The Archival IIIF server is composed of a web application and various service workers. The service workers index collections to ElasticSearch, while the web environment gives access to the index through various IIIF API's. Redis is used to manage the communication between various service workers and provides additional caching capabilities.

Services

The Archival IIIF server comes with several services that can be turned on or off using the env variable IIIF_SERVER_SERVICES.

Default service

The web service runs the IIIF web environment.

Workers

The worker services wait for new jobs to appear in a queue in Redis. A distinction is made between index workers that indexes data in ElasticSearch and derivative workers that create specific derivatives of collection items. At the moment, the Archival IIIF server identifies five different types of worker services:

  • Index worker: Gets a job with the path of a collection to be indexed in ElasticSearch. Current implementations:
    • iish-archivematica-index: A specific IISH implementation of the index worker. Indexes DIPs created by the Archivematica instance of the IISH.
  • Text index worker: Gets a job with a collection id and a list of all transcriptions/transliterations to be indexed in ElasticSearch. Current implementations:
    • text-index: Indexes plain text files and ALTO files.
  • Metadata index worker: Gets a job with a collection id and/or a OAI identifier and obtains the metadata from an OAI endpoint to be indexed in ElasticSearch. Current implementations:
    • iish-metadata: Looks for and indexes metadata from the OAI service of the IISH.
    • niod-metadata: Looks for and indexes metadata from NIOD.
  • Waveform derivative worker: Gets a job with a collection id and then builds waveform representations of all audio files of the collection with the given collection id. Current implementations:
    • waveform: Default implementation.
  • PDF image derivative worker: Gets a job with a collection id and then builds JPG representations of the first page of all PDF files of the collection with the given collection id. Current implementations:
    • pdf-image: Default implementation.
  • Video image derivative worker: Gets a job with a collection id and then extracts a still as JPG and creates a mosaic of stills with a WebVTT file from all video files of the collection with the given collection id. Current implementations:
    • video-image: Default implementation.

Cron jobs

The cron job services run periodically. At the moment, the Archival IIIF server identifies one cron job:

  • Metadata update: Checks periodically whether some metadata has to be updated. Current implementations:
    • iish-metadata-update: Runs daily to query the OAI service of the IISH for updates and sends those to the metadata indexer.

Standalones

The standalone services do not wait on a trigger like the workers or cron jobs. At the moment, the Archival IIIF server identifies one standalone service:

  • Directory watcher: Watches a directory for any changes (new collections) and sends those to the index worker to be indexed.
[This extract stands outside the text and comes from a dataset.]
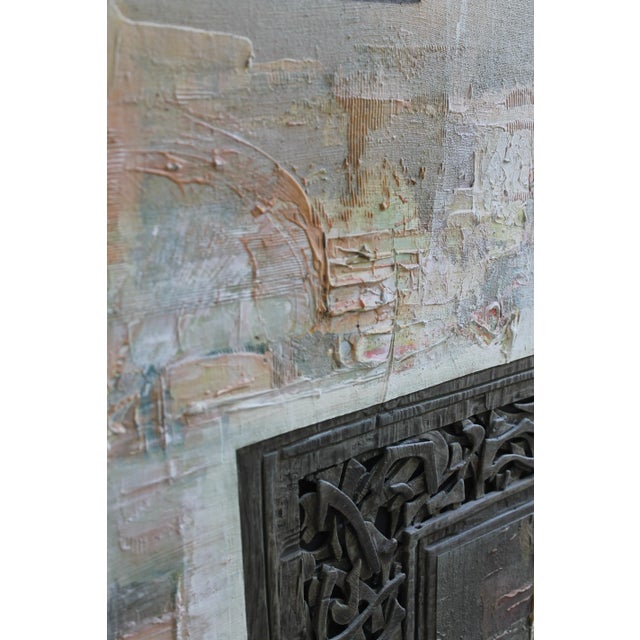 Dark Gray Mixed-Media Painting by Don Clausen For Sale - Image 8 of 11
Current implementations:
    • directory-watcher-changes: When a directory has had no changes for a certain amount of time, it is assumed that it is safe to send the directory to the index worker to be indexed.
    • directory-watcher-file-trigger: When a directory is updated with a specific file, it triggers the index worker to be indexed.

Libraries

The libraries are lightweight services with specific implementation details that can run together with the web service on the same running instance. At the moment, the Archival IIIF server identifies three different libraries:

  • Access: Determines whether a user has (limited) access to a specific item. Current implementations:
    • default-access: All granted; default implementation
    • iish-access: IISH specific implementation.
    • niod-access: NIOD specific implementation.
  • IIIF metadata: Provides implementation specific IIIF metadata. Current implementations:
    • default-iiif-metadata: Default (no IIIF metadata) implementation.
    • iish-iiif-metadata: IISH specific implementation.
  • Authentication texts: Provides implementation specific texts to help the user with authenticating. Current implementations:
    • default-auth-texts: Default implementation.
    • iish-auth-texts: IISH specific implementation.

Web API

IIIF Image API

See also the IIIF Image API 2.1 and the IIIF Image API 3.0

URL: /iiif/image/[id] / /iiif/image/[id]/info.json

Method: GET

IIIF Image API. Returns the JSON-LD description for the image with the given id.


URL: /iiif/image/[id]/[region]/[size]/[rotation]/[quality].[format]

Method: GET

IIIF Image API. Returns the image with the given id for the specified options.

IIIF Presentation API

See also the IIIF Presentation API 2.1 and the IIIF Presentation API 3.0

URL: /iiif/presentation/collection/[id]

Method: GET

IIIF Presentation API. Returns the JSON-LD description for the collection with the given id.


URL: /iiif/presentation/[id]/manifest

Method: GET

IIIF Presentation API. Returns the JSON-LD description for the manifest with the given id.

IIIF Authentication API

See also the IIIF Authentication API

URL: /iiif/auth/login

Method: GET

IIIF login service. Shows a login screen based on an internal token store.


URL: /iiif/auth/login

Method: POST

Parameters: token

Checks the provided token with the internal token store.


URL: /iiif/auth/cookie

Method: GET

Parameters: token, redirect

IIIF cookie service. Sets an authorization cookie based on the internal token store and then redirects the user.


URL: /iiif/auth/token

Method: GET

Parameters: token

IIIF token service.


URL: /iiif/auth/logout

Method: GET

IIIF logout service.

File API

URL: /file/[id] / /file/[id]/original / /file/[id]/access

Method: GET

Provides access to the file with the given id. Explicit access to the original copy or the access copy can be provided.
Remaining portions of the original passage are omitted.